Tüm bu olasılıklar değerlendirildiğinde mirasçıların talep haklarını kullanırken mali sonuçları gözetmelidir. Ayrıca belirtilmesi gereken bir diğer husus da, bu olasılıkların murisin iş sözleşmesinin geçerli bir sebebe dayanılarak feshedildiği hallerde söz konusu olmasıdır. Zira eğer murisin iş sözleşmesi haklı nedenlere dayanılarak feshedilmişse ve mirasçılar da feshin haksız olduğunu iddiasında iseler, mirasçıların her durumda dava açmaları veya açılmış davaya devam etmeleri bir zorunluluktur.[9]



1.3.İleri sürülecek talepler



İş sözleşmesi feshedilen işçinin fesih bildiriminin tebliğinden itibaren bir ay içinde iş mahkemesinde açtığı davada ileri sürebileceği talepler;



o Feshin geçersizliğine karar verilmesi talebi

o İşe iade talebi

o Feshin geçersizliğine ve işçinin başvurusuna rağmen işe iade edilmeyen işçinin dört aydan sekiz aya kadar ücreti tutarında tazminat talebi (işe başlatmama tazminatı)

o Boşta geçen süreye ait ücret



Burada ileri sürülecek talepler konusunda tartışmalı olan bir soruya değinmek yerinde olacaktır: Feshin geçersizliği nedeniyle açılan davada kıdem ve ihbar tazminatı talep edilebilir mi?

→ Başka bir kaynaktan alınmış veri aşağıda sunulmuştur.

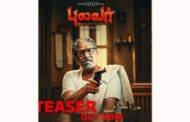 பாரதிராஜா நடித்த கடைசி படமான ‘புலவர்” படத்தின் முன்னோட்டம் வெளியானது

Yargıtay bu konuda açık ve tutarlı biçimde bunun mümkün olmayacağı görüşünü benimsemekte ve kararlarında şöyle ifade etmektedir; “işçinin işe iade talebiyle birlikte iş sözleşmesinin feshinden doğan kıdem ve ihbar tazminatı ile ödenmemiş işçilik alacaklarını da talep etmesi halinde, işe iade dışında kalan talepler yönünden yargılama yapılmasının, işe iade davasının yasa koyucunun öngördüğü süre içinde seri yargılama usulüne göre görülüp sonuçlandırılmasına engel oluşturacağı, işe iade davası dışında kalan diğer hak ve alacaklar ile ilgili davaların ise sözlü yargılama usulüne tabi olduğu, bu nedenle böyle hallerde bu talepler açısından davanın ayrılarak yargılama yapılması gerektiğine karar vermiş bulunmaktadır. Yüksek Mahkeme’ye göre, işçinin açmış olduğu işe iade davasında ihbar ve kıdem tazminatlarının da talep edilmiş olması bir çelişki oluşturur. Bir taraftan feshin geçersizliği ile işe iade talep edilirken, diğer yandan feshin sonucuna bağlı olan tazminatların istenmesi doğru olmaz.”[10] Buna karşı olarak öğretide işe iade davasının yasal süresi içinde sonuçlandırılamayacağı ve işçinin iş sözleşmesi, ihbar sürelerine uyulmaksızın ve kıdem tazminatı ödenmeksizin feshedilmiş ve diğer koşullar da mevcut ise bu tazminatlara da hak kazanacağı görüşü mevcuttur. Ancak elbette buradan kişinin ihbar ve kıdem tazminatına hak kazanmayacağı çıkarılmamalıdır, yalnızca bu talepler feshin geçersizliği ve işe iade davasında ileri sürülemeyeceklerdir. Eğer işçi işten çıkarılırken ihbar ve kıdem tazminatı ödenmişse ve açılan dava sonucu feshin geçersizliğine ve işe iadeye karar verilirse artık bu aldıkları, dava sonucu alacağı boşta geçen ücret ve diğer alacaklardan mahsup edilebilir.



1.4.İspat yükü



İş Kanunu’nun 20. maddesinin ikinci fıkrasında “Feshin geçerli bir sebebe dayandığını ispat yükümlülüğü işverene aittir. İşçi, feshin başka bir nedene dayandığını iddia ettiği takdirde, bu iddiasını ispatla yükümlüdür” şeklinde ispat yükünü ikili olarak düzenleyen açık hükme rağmen doktrinde “Yargılama aşamasında ispat yükünün belli bir bütünlük oluşturduğu ve dolayısıyla bunun mutlak anlamda parçalara bölünüp öncelik sıralamasını belirlemenin olanaksız olduğu”[11] yönünde görüşler vardır. Bizce de yargılama aşamasında ispat yükünün değişen veriler neticesinde yer değiştirmesi sağlıklı görünmese de ve işçi aleyhine sonuçlar doğurabilecek nitelikte olsa da biz ispat yükünü kısa bu fıkradaki farklı durumlara göre değişen ispat yükü bağlamında değerlendireceğiz.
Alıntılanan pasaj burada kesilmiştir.